Activity -
Transcribe the data below verbatim from the line with "Jalapeno Pepper Plants" to the line with "Göynük'teki Orman Yangını Kontrol Altında". Include both of those lines.

(Caption-style text data)
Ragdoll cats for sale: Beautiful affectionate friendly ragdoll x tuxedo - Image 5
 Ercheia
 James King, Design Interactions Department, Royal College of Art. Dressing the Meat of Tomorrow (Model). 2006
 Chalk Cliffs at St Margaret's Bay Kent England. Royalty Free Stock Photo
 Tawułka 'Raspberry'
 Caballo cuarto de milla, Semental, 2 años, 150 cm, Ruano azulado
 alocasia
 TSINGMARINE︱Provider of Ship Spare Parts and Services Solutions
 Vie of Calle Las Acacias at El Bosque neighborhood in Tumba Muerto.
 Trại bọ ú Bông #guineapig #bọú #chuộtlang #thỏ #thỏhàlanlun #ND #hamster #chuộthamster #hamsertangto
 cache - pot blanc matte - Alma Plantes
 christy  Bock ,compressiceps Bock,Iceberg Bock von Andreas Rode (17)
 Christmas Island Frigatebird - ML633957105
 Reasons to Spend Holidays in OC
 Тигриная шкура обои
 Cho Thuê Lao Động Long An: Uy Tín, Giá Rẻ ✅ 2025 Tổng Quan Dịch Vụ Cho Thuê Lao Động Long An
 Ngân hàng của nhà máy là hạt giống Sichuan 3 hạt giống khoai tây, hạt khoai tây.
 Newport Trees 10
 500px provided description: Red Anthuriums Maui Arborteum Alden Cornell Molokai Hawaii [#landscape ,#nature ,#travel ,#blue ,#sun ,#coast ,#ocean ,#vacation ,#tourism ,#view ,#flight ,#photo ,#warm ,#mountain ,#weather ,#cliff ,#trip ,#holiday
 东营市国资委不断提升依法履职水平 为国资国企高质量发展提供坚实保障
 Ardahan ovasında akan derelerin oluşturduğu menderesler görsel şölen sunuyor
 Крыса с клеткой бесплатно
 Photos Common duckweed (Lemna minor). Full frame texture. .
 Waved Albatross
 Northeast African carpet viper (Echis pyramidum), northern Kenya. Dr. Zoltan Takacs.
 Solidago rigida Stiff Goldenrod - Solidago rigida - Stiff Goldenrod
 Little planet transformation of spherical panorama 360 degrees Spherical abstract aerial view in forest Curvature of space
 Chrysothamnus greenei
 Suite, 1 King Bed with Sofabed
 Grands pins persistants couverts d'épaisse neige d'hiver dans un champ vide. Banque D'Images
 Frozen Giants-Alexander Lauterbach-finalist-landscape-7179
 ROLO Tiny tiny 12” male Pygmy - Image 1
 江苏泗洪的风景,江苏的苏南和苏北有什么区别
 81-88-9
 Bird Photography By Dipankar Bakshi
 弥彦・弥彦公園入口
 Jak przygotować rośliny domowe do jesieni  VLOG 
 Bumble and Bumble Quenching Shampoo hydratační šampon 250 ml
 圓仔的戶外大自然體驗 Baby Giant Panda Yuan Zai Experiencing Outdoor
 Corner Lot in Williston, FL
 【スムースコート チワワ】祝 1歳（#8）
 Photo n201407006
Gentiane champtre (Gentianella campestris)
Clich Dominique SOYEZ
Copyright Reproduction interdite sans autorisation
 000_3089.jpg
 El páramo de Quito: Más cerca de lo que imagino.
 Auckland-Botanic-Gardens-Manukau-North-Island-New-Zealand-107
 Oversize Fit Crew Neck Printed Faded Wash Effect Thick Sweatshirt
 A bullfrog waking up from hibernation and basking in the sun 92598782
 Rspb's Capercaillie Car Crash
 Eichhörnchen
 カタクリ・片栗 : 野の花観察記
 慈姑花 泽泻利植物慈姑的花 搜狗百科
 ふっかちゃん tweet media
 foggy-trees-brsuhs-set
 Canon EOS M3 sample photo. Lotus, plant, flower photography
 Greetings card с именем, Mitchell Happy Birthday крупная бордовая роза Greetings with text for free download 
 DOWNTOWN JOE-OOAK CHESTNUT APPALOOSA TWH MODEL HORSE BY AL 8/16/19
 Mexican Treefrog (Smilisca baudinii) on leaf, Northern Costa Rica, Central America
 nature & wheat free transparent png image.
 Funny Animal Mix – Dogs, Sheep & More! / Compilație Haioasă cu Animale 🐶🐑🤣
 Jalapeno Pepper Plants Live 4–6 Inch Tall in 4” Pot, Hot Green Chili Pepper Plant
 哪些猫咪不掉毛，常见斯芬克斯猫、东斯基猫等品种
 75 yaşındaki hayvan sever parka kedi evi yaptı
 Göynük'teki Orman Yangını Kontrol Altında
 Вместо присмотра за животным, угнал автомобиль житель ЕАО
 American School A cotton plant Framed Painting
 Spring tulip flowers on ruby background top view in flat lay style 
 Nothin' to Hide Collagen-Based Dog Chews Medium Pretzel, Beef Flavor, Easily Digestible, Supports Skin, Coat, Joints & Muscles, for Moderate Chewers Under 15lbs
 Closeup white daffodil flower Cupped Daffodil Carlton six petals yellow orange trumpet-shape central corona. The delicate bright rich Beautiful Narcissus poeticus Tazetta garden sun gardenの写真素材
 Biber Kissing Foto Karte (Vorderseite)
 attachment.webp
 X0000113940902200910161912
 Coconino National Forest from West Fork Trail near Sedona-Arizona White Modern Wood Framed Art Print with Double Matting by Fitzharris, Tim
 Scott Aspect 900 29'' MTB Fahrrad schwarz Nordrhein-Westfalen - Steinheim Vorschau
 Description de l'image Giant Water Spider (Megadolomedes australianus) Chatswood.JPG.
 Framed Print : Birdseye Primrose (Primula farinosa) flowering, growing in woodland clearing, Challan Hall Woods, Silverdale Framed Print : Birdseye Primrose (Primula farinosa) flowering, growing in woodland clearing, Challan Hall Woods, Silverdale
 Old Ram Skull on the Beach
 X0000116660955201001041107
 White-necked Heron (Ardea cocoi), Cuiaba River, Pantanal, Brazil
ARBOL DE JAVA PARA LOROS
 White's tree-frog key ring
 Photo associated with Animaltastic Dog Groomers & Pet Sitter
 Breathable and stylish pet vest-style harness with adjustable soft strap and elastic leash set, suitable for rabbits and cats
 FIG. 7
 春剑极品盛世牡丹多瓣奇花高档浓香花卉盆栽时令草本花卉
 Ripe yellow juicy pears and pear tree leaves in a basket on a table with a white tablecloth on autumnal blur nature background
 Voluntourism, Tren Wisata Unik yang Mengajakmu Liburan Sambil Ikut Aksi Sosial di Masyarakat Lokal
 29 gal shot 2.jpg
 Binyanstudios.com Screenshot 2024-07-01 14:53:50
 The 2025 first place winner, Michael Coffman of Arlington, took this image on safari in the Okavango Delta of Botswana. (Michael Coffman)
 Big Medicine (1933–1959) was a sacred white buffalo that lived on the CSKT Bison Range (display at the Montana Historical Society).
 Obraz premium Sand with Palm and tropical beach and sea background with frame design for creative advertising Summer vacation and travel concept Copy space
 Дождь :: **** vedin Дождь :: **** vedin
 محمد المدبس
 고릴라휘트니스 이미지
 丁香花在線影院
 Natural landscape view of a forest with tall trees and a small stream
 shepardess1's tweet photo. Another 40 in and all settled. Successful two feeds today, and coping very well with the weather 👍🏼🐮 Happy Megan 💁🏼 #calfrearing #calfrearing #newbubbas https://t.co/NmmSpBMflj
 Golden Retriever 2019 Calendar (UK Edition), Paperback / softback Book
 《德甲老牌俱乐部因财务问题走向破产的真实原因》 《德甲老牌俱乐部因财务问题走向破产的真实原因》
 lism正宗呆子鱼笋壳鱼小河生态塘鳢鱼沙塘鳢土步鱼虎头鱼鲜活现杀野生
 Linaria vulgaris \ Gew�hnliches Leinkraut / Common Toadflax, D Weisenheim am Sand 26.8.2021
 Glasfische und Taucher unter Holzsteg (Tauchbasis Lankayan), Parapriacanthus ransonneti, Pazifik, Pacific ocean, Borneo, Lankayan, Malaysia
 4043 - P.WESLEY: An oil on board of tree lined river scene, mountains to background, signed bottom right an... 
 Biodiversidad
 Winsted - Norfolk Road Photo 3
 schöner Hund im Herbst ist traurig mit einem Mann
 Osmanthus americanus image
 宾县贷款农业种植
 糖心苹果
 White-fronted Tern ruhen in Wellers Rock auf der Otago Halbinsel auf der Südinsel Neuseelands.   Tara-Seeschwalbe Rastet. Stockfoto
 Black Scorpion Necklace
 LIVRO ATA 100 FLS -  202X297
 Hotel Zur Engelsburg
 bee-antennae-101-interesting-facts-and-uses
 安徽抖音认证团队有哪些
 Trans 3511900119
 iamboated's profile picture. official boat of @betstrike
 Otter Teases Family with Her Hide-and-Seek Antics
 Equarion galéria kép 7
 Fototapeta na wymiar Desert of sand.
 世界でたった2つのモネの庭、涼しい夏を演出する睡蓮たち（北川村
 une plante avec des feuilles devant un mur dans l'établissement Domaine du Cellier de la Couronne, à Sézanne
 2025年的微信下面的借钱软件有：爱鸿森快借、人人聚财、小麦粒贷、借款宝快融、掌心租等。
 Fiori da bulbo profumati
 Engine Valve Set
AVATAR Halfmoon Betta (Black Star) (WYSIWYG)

Result below -
 Jalapeno Pepper Plants Live 4–6 Inch Tall in 4” Pot, Hot Green Chili Pepper Plant
 哪些猫咪不掉毛，常见斯芬克斯猫、东斯基猫等品种
 75 yaşındaki hayvan sever parka kedi evi yaptı
 Göynük'teki Orman Yangını Kontrol Altında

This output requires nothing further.